Revision as of 09:16, 1 May 2014

Bayesian Parameter Estimation with examples

Loosely based on the ECE662 Spring 2014 lecture material of Prof. Mireille Boutin.

Introduction: Bayesian Estimation

Suppose that we have an observable random variable $\bs X$ for an experiment, that takes values in a set S. Suppose that distribution of $\bs X$ depends on a parameter $\theta$ taking values in a parameter space $\Theta$ . We will denote the probability density function of $\bs X$ for a given value of $\theta$ by $f(\bs x \mid \theta)$ for $\bs x \in S$ and $\theta \in S$ . Of course, our data variable X is almost always vector-valued. The parameter $\theta$ may also be vector-valued.

In Bayesian analysis, named for the famous Thomas Bayes, we treat the parameter $\theta$ as a random variable, with a given probability density function $h(\theta)$ for $\theta \in \Theta$ . The corresponding distribution is called the prior distribution of $\theta$ and is intended to reflect our knowledge (if any) of the parameter, before we gather data. After observing $x \in S$ , we then use Bayes' theorem, to compute the conditional probability density function of $\theta$ given $\bs X=\bs x$ .
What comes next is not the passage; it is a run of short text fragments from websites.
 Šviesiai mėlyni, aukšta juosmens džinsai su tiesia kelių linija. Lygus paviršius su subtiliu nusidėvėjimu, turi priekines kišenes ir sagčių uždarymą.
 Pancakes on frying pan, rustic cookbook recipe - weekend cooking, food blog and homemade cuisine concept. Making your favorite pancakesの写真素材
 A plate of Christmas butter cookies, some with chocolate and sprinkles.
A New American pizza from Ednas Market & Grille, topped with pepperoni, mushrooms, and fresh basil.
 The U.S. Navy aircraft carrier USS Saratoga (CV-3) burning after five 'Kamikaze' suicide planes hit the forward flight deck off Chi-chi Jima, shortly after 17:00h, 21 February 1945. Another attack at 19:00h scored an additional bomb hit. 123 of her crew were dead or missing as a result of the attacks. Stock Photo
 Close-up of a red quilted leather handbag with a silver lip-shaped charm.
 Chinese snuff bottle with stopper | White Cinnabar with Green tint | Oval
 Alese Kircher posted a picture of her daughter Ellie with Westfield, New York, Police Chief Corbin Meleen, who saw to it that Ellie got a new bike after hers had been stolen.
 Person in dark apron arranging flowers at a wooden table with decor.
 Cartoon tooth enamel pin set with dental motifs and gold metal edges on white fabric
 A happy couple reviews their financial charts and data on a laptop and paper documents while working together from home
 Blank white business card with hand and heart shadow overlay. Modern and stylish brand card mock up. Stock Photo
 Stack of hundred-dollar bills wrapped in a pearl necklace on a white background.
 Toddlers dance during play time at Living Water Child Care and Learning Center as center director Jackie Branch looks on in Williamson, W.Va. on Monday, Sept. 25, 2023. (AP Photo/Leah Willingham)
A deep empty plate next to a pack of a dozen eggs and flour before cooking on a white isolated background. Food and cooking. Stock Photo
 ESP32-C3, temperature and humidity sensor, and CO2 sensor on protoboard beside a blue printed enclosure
First recall that the joint probability density function of $(\bs X,\theta)$ is the mapping on $S \times \Theta$ given by \[ $(\bs{x}, \theta) \mapsto h(\theta) f(\bs{x} \mid \theta)$ \] Next recall that the (marginal) probability density function f of $\bs X$ is given by \[ $f(\bs{x}) = \sum_{\theta \in \Theta} h(\theta) f(\bs{x} | \theta), \quad \bs{x} \in S$ \] if the parameter has a discrete distribution, or \[ $f(\bs{x}) = \int_\Theta h(\theta) f(\bs{x} | \theta) \, d\theta, \quad \bs{x} \in S$ \] if the parameter has a continuous distribution. Finally, the conditional probability density function of $\theta$ given $\bs X= \bs x$ is \[ $h(\theta \mid \bs{x}) = \frac{h(\theta) f(\bs{x} \mid \theta)}{f(\bs{x})}; \quad \theta \in \Theta, \; \bs{x} \in S$ \] The conditional distribution of $\theta$ given $\bs X=\bs x$ is called the \textit{posterior} distribution, and is an updated distribution, given the information in the data. Finally, if $\theta$ is a real parameter, the conditional expected value $\mathbb{E}(\theta \mid \bs X)$ is the Bayes' estimator of $\theta$ . Recall that $\mathbb{E}(\theta \mid \bs X)$ is a function of X and, among all functions of X, is closest to $\theta$ in the mean square sense. Thus, once we collect the data and observe $\bs X=\bs x$ , the estimate of $\theta$ is $\mathbb{E}(\theta \mid \bs X)$ .

Bayesian Parameter Estimation: General Theory

We first start with a generalized approach which can be applied to any situation in which the unknown density can be parameterized. The basic assumptions are as follows:

1. The form of the density $p(x|\theta)$ is assumed to be known, but the value of the parameter vector $\theta$ is not known exactly.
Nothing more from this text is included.